Feder’s first book, Bayit ne’eman (1794), dealt with the quest for truth and its essential fundamentals within the context of Torat ha-musar (ethics). His second book, Kol nehi (1798), was a lamentation upon the death of the Gaon of Vilna; and his third book, Lahat ha-ḥerev ha-mithapekhet (1804), was a poignant criticism of those who distorted scripture contrary to the masorah (the traditional text of the Bible). In this third text, Feder particularly criticized Aharon Wolfsohn-Halle’s Be’ur and Yitsḥak Satanov’s Igeret bet tefilah. Feder’s book had a profound influence on traditional commentators and linguists, and was published in a second edition in 1866. In 1814, he published poems in honor of Alexander I, on the occasion of the tsar’s victory over Napoleon.
In 1814, Menaḥem Mendel Lefin’s translation of the Book of Proverbs into Yiddish led Feder to write Kol meḥatsetsim, a satire against Lefin. In this polemical work, Feder describes an imaginary conversation between Moses Mendelssohn and Mendelssohn’s disciples, consisting primarily of blatant, derogatory references to Yiddish. The first part of Kol meḥatsetsim was apparently issued in Berdichev in 1816, but was promptly withdrawn following the intervention of Lefin’s friends, headed by Ya‘akov Shemu’el Bick. In an article published in Kerem ḥemed, Bick praised Lefin and his books, defended Yiddish, and demanded that Feder withhold the publication of his own book. In response, Feder agreed but demanded financial compensation.
Feder’s argument with Bick is a record of the first literary dispute over the place of Hebrew and Yiddish. Kol meḥatsetsim was eventually published, first by A. M. Mohar in 1835, and later by Jacob Ehrenpreis in 1875. Additional works by Feder were published after his death: a rhymed play entitled Adam ve-Ḥavah (Adam and Eve), the Aramaic parody Zohar ḥadash le-Purim, and other materials that had come into the possession of Yisra’el Dov Frumkin, the editor of Ha-Ḥavatselet, including poems, translations, and articles on grammar.
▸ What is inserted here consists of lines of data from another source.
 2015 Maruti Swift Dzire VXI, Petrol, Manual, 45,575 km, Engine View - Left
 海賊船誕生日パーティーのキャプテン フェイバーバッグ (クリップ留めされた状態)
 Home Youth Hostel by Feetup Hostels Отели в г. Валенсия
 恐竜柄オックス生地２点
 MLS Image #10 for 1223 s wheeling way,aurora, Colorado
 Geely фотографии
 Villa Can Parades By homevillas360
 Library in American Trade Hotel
Yehudah Friedlander, “Tuviah Gutman-Feder: ‘Kol meḥatsetsim’ (‘al-peh ketav-yad),” Zehut 1 (1981): 275–303; Joseph Klausner, Historyah shel ha-sifrut ha-‘Ivrit ha-ḥadashah: She‘urim (Jerusalem, 1930), vol. 1, pp. 239–246; Getzel Kressel, “Feder, Tuviah,” in Leksikon ha-sifrut ha-‘Ivrit ba-dorot ha-aḥaronim, vol. 2, pp. 569–570 (Merḥavyah, Isr., 1965).